Scientists at VCU Massey Cancer Center discovered that the deletion of a specific protein creates a hostile environment for tumour cells and significantly subdues breast cancer growth and spread.
Breast cancer is the second most common cancer in women in the US, and the vast majority of deaths related to this disease occur after it has metastasised beyond the breast.
Preclinical experiments led by Sarah Spiegel, PhD, and recently published in Cancer Research determined that the elimination of a protein called sphingosine kinase 2 (SphK2) halted the progression of triple-negative breast cancer — a highly aggressive form of disease — and blocked its ability to spread to the lungs.

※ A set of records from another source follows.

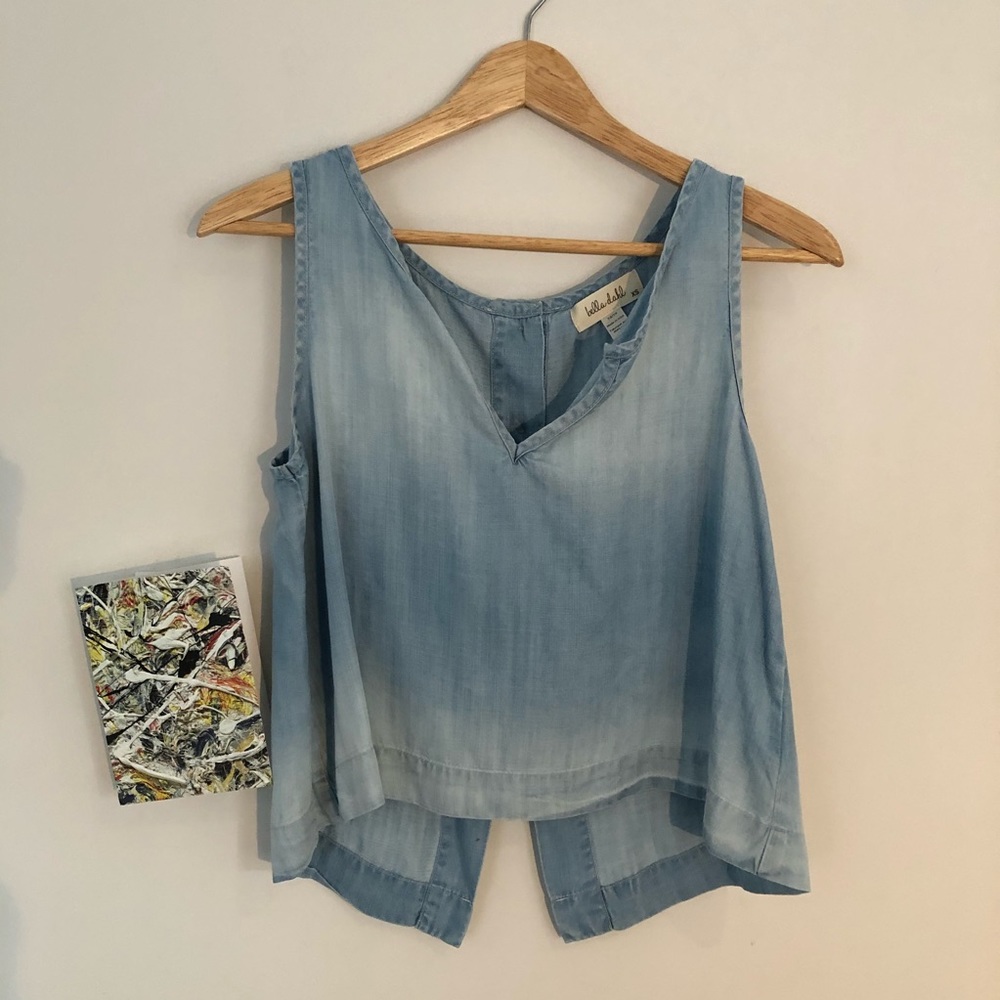 Bella Dahl Light Blue Sleeveless V-Neck Denim-Look Blouse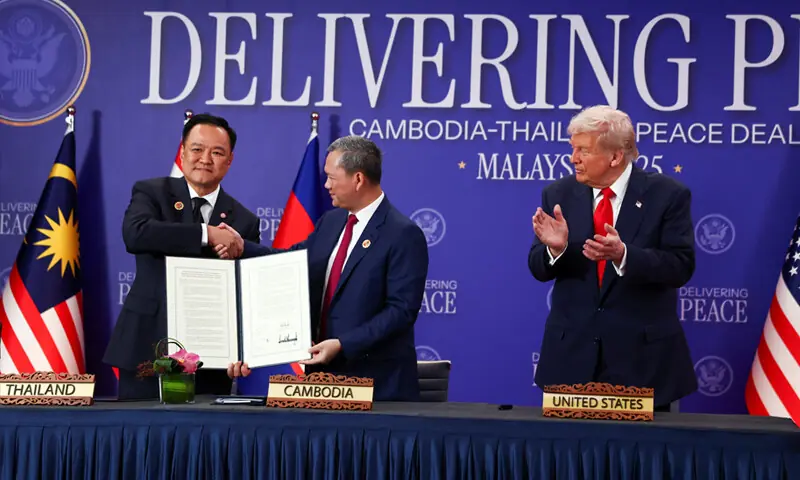 تھائی لینڈ اور کمبوڈیا کے رہنماؤں نے امریکی صدر ڈونلڈ ٹرمپ کی موجودگی میں جامع جنگ بندی معاہدے پر دستخط کیے— فوٹو: اے ایف پی تھائی لینڈ اور کمبوڈیا کے رہنماؤں نے امریکی صدر ڈونلڈ ٹرمپ کی موجودگی میں جامع جنگ بندی معاہدے پر دستخط کیے— فوٹو: اے ایف پی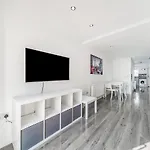 Entire House - Three Bed House In Peckham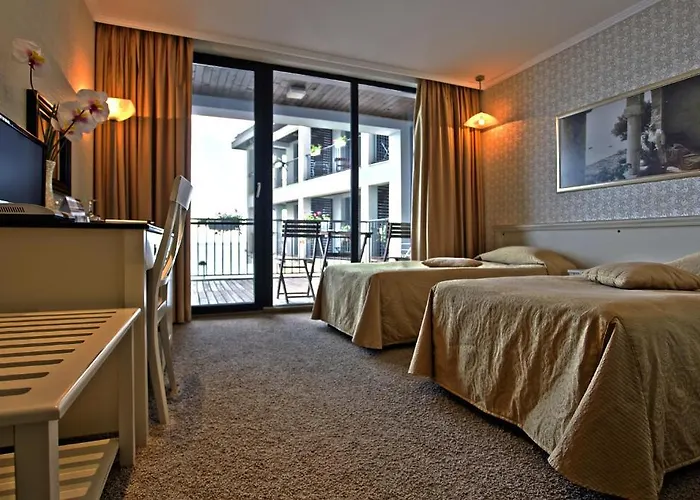 Regina Maria Design 4*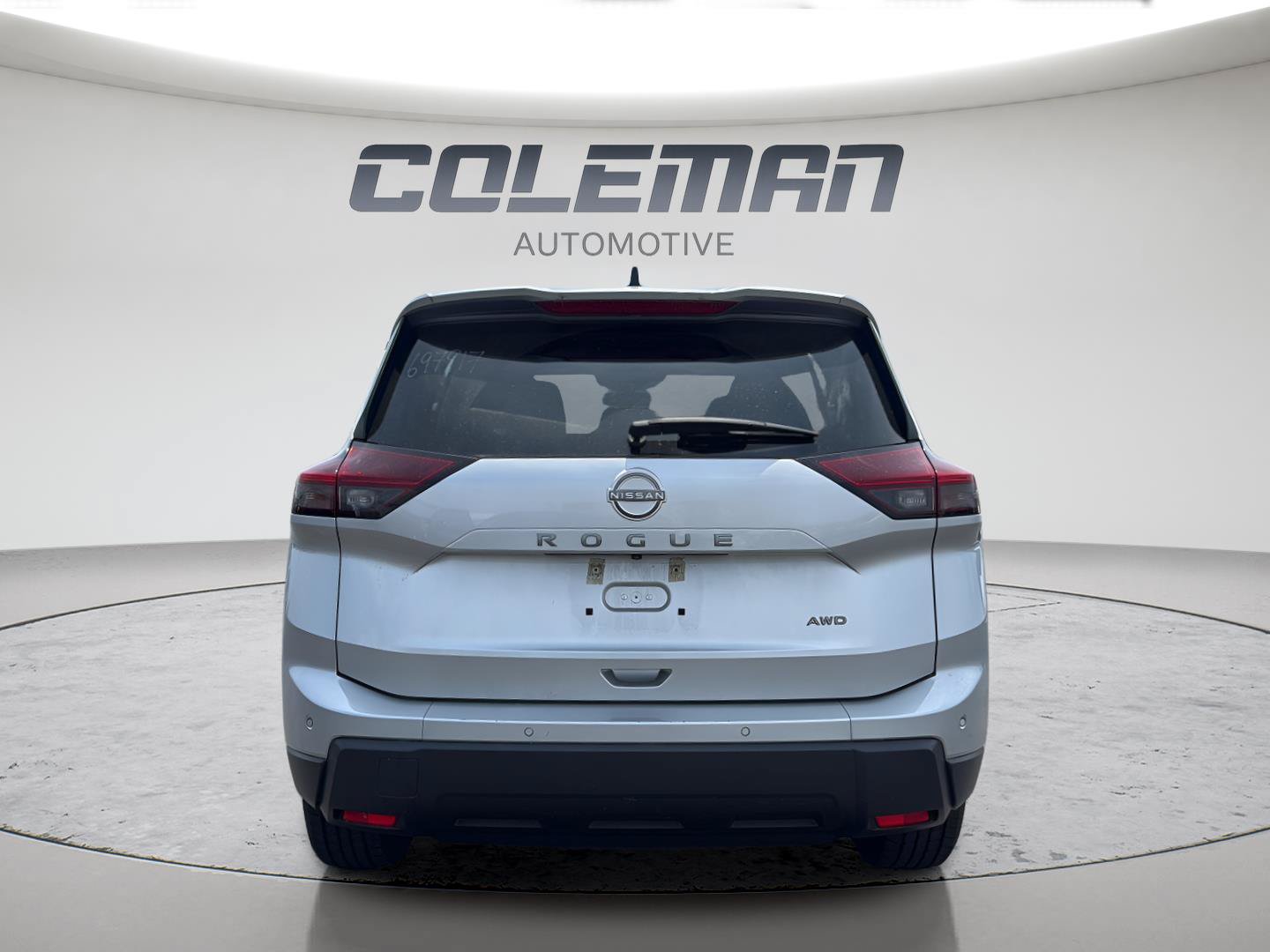 Used 2024 Nissan Rogue S AWD/4WD image 4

“Our findings indicate that SphK2 inhibitors could be considered as a multi-pronged treatment option to bolster clinical effectiveness in breast cancer,” said Spiegel, member of the Cancer Biology research programme at Massey and professor and chair of the Department of Biochemistry and Molecular Biology at the VCU School of Medicine.
“The inability to effectively predict, prevent and treat advanced breast cancer is a major problem in oncology care, and the development of additional effective targeted therapies is urgently required.”
Two-way communication between breast cancer cells and their tumour microenvironment (TME) directly affects disease progression and spread, resistance to cancer therapies and overall patient outcomes.
As cancer grows, the TME is also constantly changing, necessitating a stronger understanding of the cellular and molecular functions that guide the interactions between tumours and their surrounding tissue.
SphK2 is responsible for the production of the lipid sphingosine-1-phosphate (S1P), a molecule that Spiegel originally discovered in the 1990s and has since been found to influence inflammation, cancer development and cardiovascular disease.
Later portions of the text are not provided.